The main impact of global warming on energy procurement/production issues will obviously relate to choices among possible sources, which themselves are already under constraint in those countries who have politically decided to move ahead with an energy transition policy, by the desire to respond to climate change and to limit its impact. For the time-being, it is difficult to predict the scale or order of magnitude of the changes which will depend a lot on multiple factors most of which will come to bear in the short term – starting with politics. These options will therefore necessarily involve political decision-making processes and on this point, climatologists can only throw light on certain aspects of the debates.
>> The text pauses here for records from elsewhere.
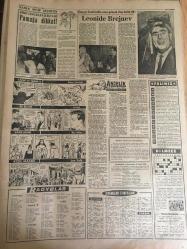 YENİ SABAH GAZETESİ 28 HAZİRAN  1963 YIL :26 SAYI :8724----Mamak 'ta 23 Harp Okulu Şahitlik Etti --Kemal Satır CHP Seçime Hazır Dedi --Bir Londralı  Margareth 'i Öpmek İstedi ----Kabine dış  yardım  mevzuu inceledi --35 Kuruşa İki Film  Bedava Bir de Gazoz---Tecavüz Ettiği  Ama ve Annesini Boğarak Öldürdü --Bir Birleşme  Evinde 6 Genç  Kız Yakalandı ---Yarın Ne Olacak :Siyavuşgil --Suriye de askeri  liderler pazarlığa başladılar ---Dört cins hastalığı var  pamuğa  dikkat --  Kruşçef  kendisinden sonra gelen  kişiyi tespit  etti :Leonide Brejnev -----Sinemalar : Spartakus ,İnci :Cici Katibem ,Lüks :Barbarların Dehşeti --Suriye de askeri liderler  pazarlığa  başladılar --Fenerbahçe İst.Spor ile berabere :0-0---Milli Ligden  Sonra Kupa Finalinin Heyecanı  Başladı  :Türkiye Kupasının ilk  final  maçı yarın ---Fenerbahçe  Şenol 'a  100 bin lira  vermeyi  kabul etti ---1963 Yılının Başpehlivanı  Adapazarlı Sezai Kanmaz ---Greko -Romen Milli Takım  Takımı Bu Sabah  İsveç 'e Gidiyor ---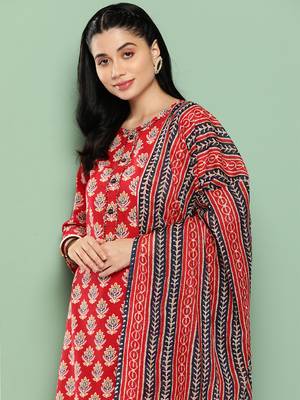 Yufta floral printed regular sequinned pure cotton kurta with trousers & with dupatta 4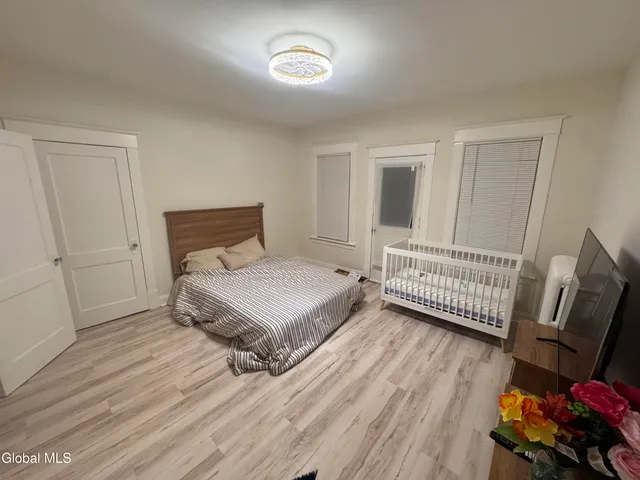 $299,999 | 22 Fairlawn Avenue, Albany, NY 12203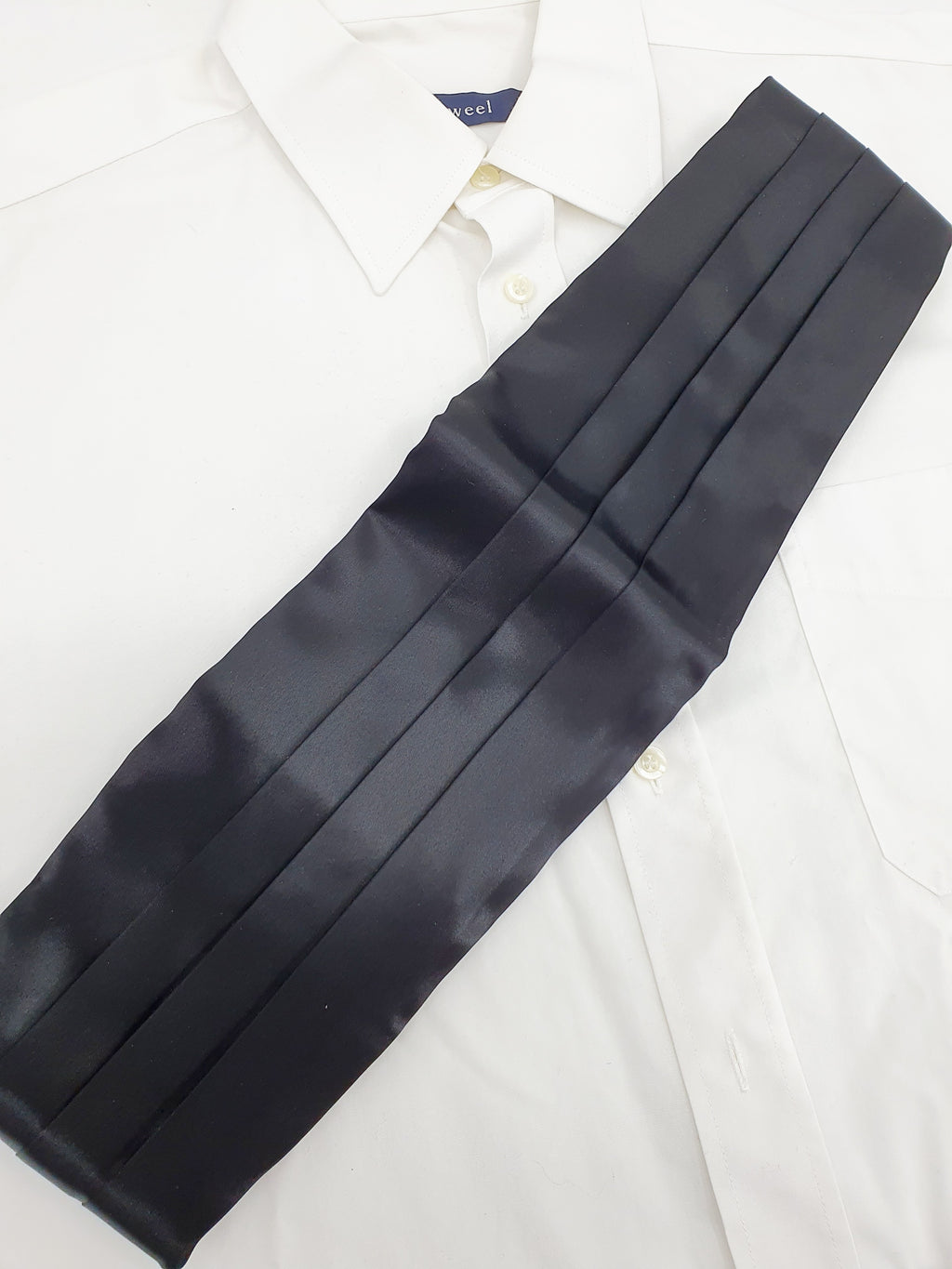 Musta smokkivyö 2000-luvulta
The example of bio-fuels shows identification of priorities in the energy field requires a largely interdisciplinary analysis. If we limit our reflections to the direct link between climatic and energy related issues, there is no real limit to satisfy the need to producing bio-fuels. If, however, we take into account the impact on food procurement, on conservation of bio-diversity, or the structural differences between Northern and Southern hemisphere countries, we can see that bio-fuel agro-production runs into considerable limitations, which cannot be settled by scientific expertise alone, inasmuch as they also involve decisions of justice.